In [None]:
import copy
import numpy as np
import pandas as pd
import seaborn as sns
import matplotlib.pylab as plt
%matplotlib inline

In [None]:
iris=pd.read_csv("data_files\\iris_dataset_no_names.csv")

In [None]:
iris.head()

In [None]:
g = sns.pairplot(iris)

In [None]:
plt.plot(iris.sepal_length,iris.petal_width,'o')
plt.xlabel('Sepal Length')
plt.ylabel('Petal Width')
plt.show()

# K-means

The idea is to find $K$ groups of observations (clusters), denoted by $C_k$, which are similar to one another. The mathematical objective is to partition observations into $K$ sets so as to minimize the within-cluster sum of squares:

$$ Minimize \displaystyle \sum_{k=1}^K \sum_{\mathrm{x}_n \in C_k} ||\mathrm{x}_n - \mu_k ||^2 with \ respect \ to \ \displaystyle C_k, \ \mu_k$$

where $\mu_k$ is the mean point of $C_k$, and is referred to as *centroid*.

## Approach: Iterative Refinement (Lloyd's algorithm)

- Step 0: Start with an initial guess of a set of centroids $\mu_k$.
- Step 1: Create clusters containing points closest in distance to each centroid
- Step 2: Update the centroids as the means of all points in each cluster.
- Step 3: Repeat 1 and 2 until the assignments of clusters and centroids does not change (or max number of steps reached)

In [None]:
#Create a random starting point (i.e., generate a uniform random number for each dimension of data)
data=np.array(iris)
mins=data.min(axis=0)
maxs=data.max(axis=0)
print([np.random.uniform(low=x[0],high=x[1]) for x in zip(mins,maxs)])

In [None]:
K=2 #Number of clusters

#Step 0: Initial Guess
mu0= [[np.random.uniform(low=x[0],high=x[1]) for x in zip(mins,maxs)] for i in range(K)] 
  
print("Initial Guess",mu0)

In [None]:
iris['Cluster']=0

In [None]:
#get one data point (i.e., row) from the dataframe
rel_cols=['sepal_length', 'sepal_width', 'petal_length', 'petal_width']
iris.loc[1,rel_cols].tolist()

In [None]:
#Step 1: Create clusters containing points closest in distance to each centroid

for index,row in iris.iterrows():
    
    p= np.array(row[rel_cols])
    d=np.array([np.linalg.norm(p-mu0[k]) for k in range(K)])
    bestKindex=np.argmin(d)
    iris.Cluster.loc[index]=bestKindex


In [None]:
iris.head()

In [None]:
sns.pairplot(x_vars=rel_cols, y_vars=rel_cols, data=iris, hue="Cluster", size=5)

In [None]:
#Get averages for each column for cluster 0
[iris[col][iris.Cluster==0].mean() for col in rel_cols]

In [None]:
# Step 2: Update the centroids as the means of all points in each cluster.
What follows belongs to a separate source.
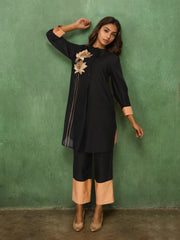 Black Pure Chanderi Cotton Zari Embroidered Indo-Western Set- Set of 2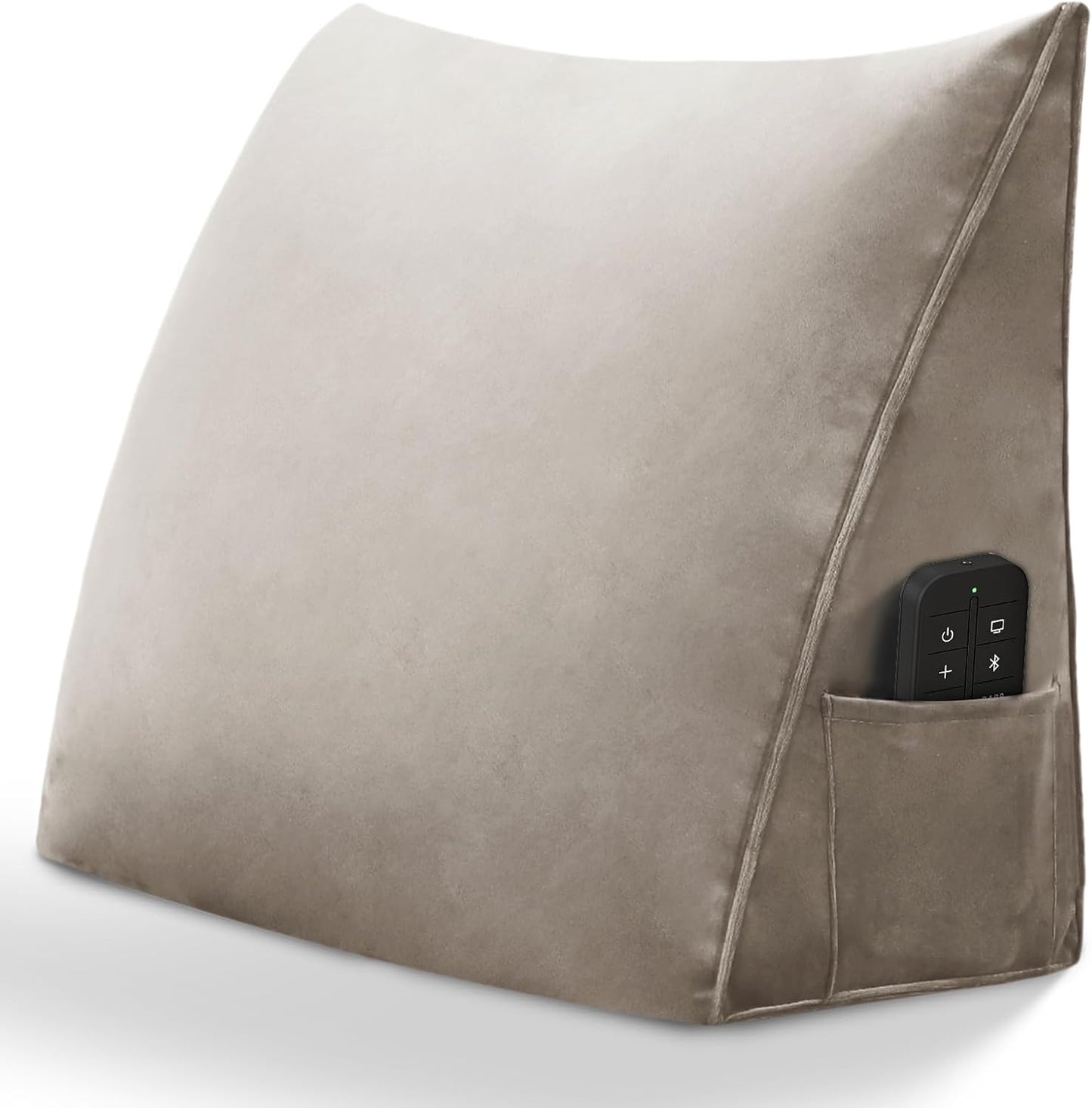 Triangular Wedge Headboard Reading Pillow for Sitting Up in Bed Backrest Bolster Pillow for Daybed Cushion Lumbar Body Support Positioning with Removable Cover, Camel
mu1= [np.array([iris[col][iris.Cluster==k].mean() for col in rel_cols]) for k in range(K)] 

print("Updated Guess:",mu1)

In [None]:
# Put it all together

diff=sum([np.linalg.norm(mu1[k]-mu0[k]) for k in range(K)])
n=2
nmax=100

while diff>.00001 and n<nmax:
    print("Iteration:",n)
    n+=1
    
    mu0=mu1
    
    for index,row in iris.iterrows():

        p= np.array(row[rel_cols])
        d=np.array([np.linalg.norm(p-mu0[k]) for k in range(K)])
        bestKindex=np.argmin(d)
        iris.Cluster.loc[index]=bestKindex
    
    sns.pairplot(x_vars=rel_cols, y_vars=rel_cols, data=iris, hue="Cluster", size=5)
    
    mu1= [np.array([iris[col][iris.Cluster==k].mean() for col in rel_cols]) for k in range(K)] 
    
    print("Updated Guess",mu1)
    diff=sum([np.linalg.norm(mu1[k]-mu0[k]) for k in range(K)])
    print("diff=",diff)
    


In [None]:
print("Cluster Centers:", mu1)
print(iris.Cluster.tolist())

In [None]:
#Using other libraries
from sklearn.cluster import KMeans

#Determining number of clusters
nClusters=range(2,10)
sumDistances=[]
for n in nClusters:
    kmeans=KMeans(n_clusters=n).fit(iris[rel_cols])
    sumDistances.append(kmeans.inertia_) #Proxy for SSE

In [None]:
plt.plot(nClusters,sumDistances,'-')
plt.xlabel('nClusters')
plt.ylabel('Sum Of Distances')
plt.show()

In [None]:
kmeans=KMeans(n_clusters=3).fit(iris)
iris['Cluster']=kmeans.labels_
g = sns.pairplot(iris,hue='Cluster')

In [None]:
irisNames=pd.read_csv("iris_dataset.csv")
irisNames.head()

In [None]:
g = sns.pairplot(irisNames,hue='species')

In [None]:
pd.crosstab(iris.Cluster,irisNames.species)